I come from a family who is pretty used to having someone at fault. That means, whenever something (no matter how small) goes wrong, even if no one asks who did it, someone is sure to pipe up with a "So and so did it!". It is always someone else's fault. Someone else is always to blame for something going wrong. But when something goes right...oh boy, well there are usually two or three people you can thank for it because they were allllll involved somehow!

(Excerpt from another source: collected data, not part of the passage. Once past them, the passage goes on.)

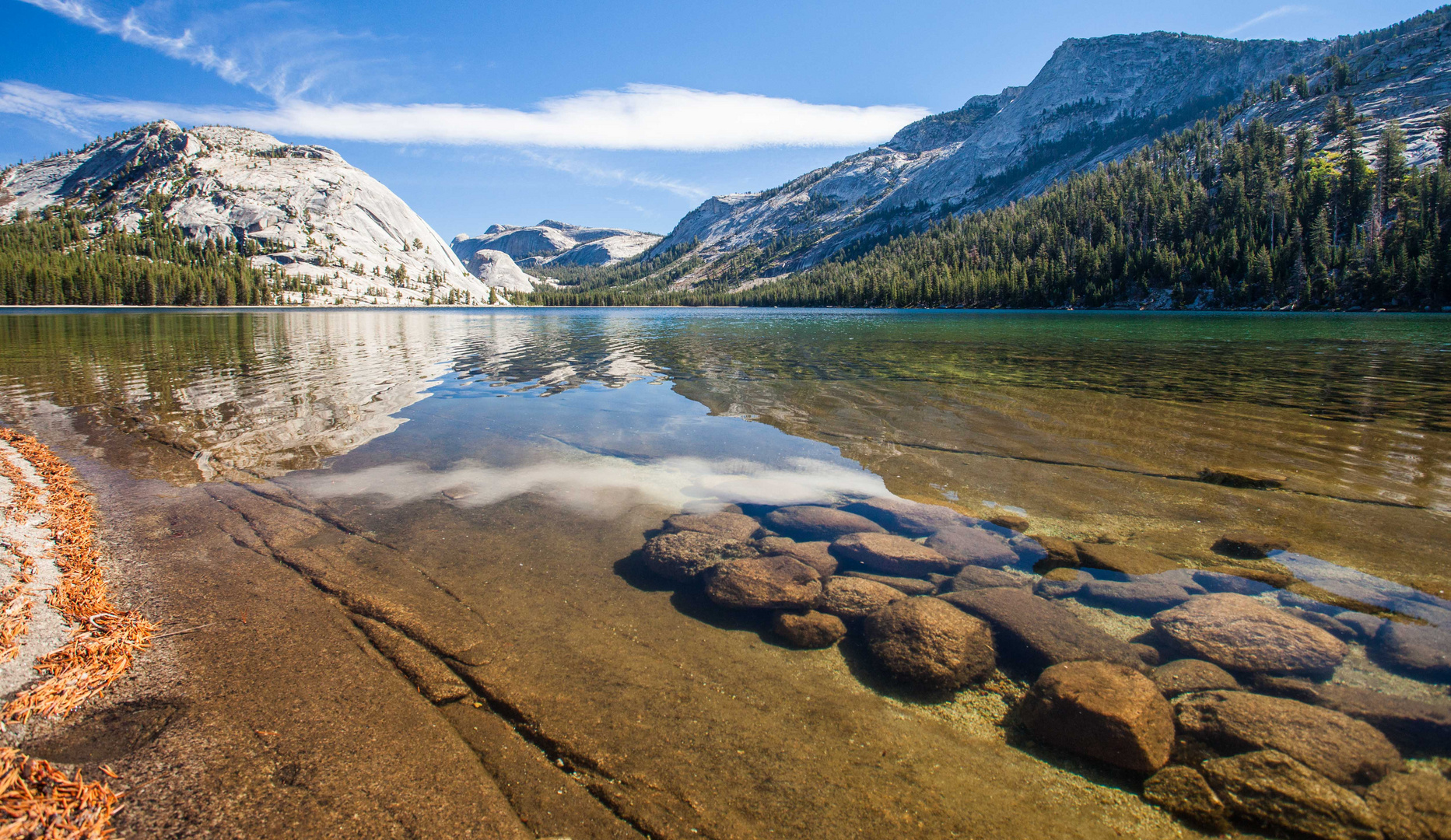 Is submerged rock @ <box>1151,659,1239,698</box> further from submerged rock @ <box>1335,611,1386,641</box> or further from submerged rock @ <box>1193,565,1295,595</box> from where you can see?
submerged rock @ <box>1193,565,1295,595</box>

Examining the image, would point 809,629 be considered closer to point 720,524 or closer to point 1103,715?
point 1103,715

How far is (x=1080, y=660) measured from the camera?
225 inches

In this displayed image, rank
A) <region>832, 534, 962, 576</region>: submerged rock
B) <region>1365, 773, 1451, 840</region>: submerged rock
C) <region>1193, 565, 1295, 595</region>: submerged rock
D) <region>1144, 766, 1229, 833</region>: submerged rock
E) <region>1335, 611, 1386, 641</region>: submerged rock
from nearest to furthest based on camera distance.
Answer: <region>1365, 773, 1451, 840</region>: submerged rock
<region>1144, 766, 1229, 833</region>: submerged rock
<region>1335, 611, 1386, 641</region>: submerged rock
<region>1193, 565, 1295, 595</region>: submerged rock
<region>832, 534, 962, 576</region>: submerged rock

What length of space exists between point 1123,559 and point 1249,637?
6.54 ft

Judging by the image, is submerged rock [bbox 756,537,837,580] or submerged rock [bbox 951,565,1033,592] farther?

My point, although stated rather silly, is this: is there always someone to blame? If so, who is it? Our natural instinct is to say that it wasn't us....it was always someone else who should get in trouble as opposed to us. How is this responsibility at all? How are we to be mature and responsible adults if all we ever do is push blame on others and take credit for the good things? How are we to learn and grow spiritually if we cannot acknowledge that we mess up and make mistakes? Maybe it was that so and so who messed up...but maybe it was you who told them that they needed to do that and so really you are the one to blame but you hide behind the curtain saying "Well they didn't *have* to do it! I just told them they should."
What kind of mature Christian of God would constantly be looking and faulting other people and not accepting their sin and error. Okay, not always sin...but if we blame others in the small stuff it will lead to blaming others for the larger stuff too. One of the first things that I noticed when reading through the catechism a couple weeks ago was this: the first thing they address is man's sin nature. You start reading it and BAM! they immediately hit you with the fact that you are completely sinful and can do *nothing* good on your own. We are totally depraved and can do no good! How depressing is that? The catechism does go on to talk about how that's why we need Christ so much, but it does impress me very much that the authors of the catechism were so wise about where they started...they started with the core of man...our sin and our fallenness.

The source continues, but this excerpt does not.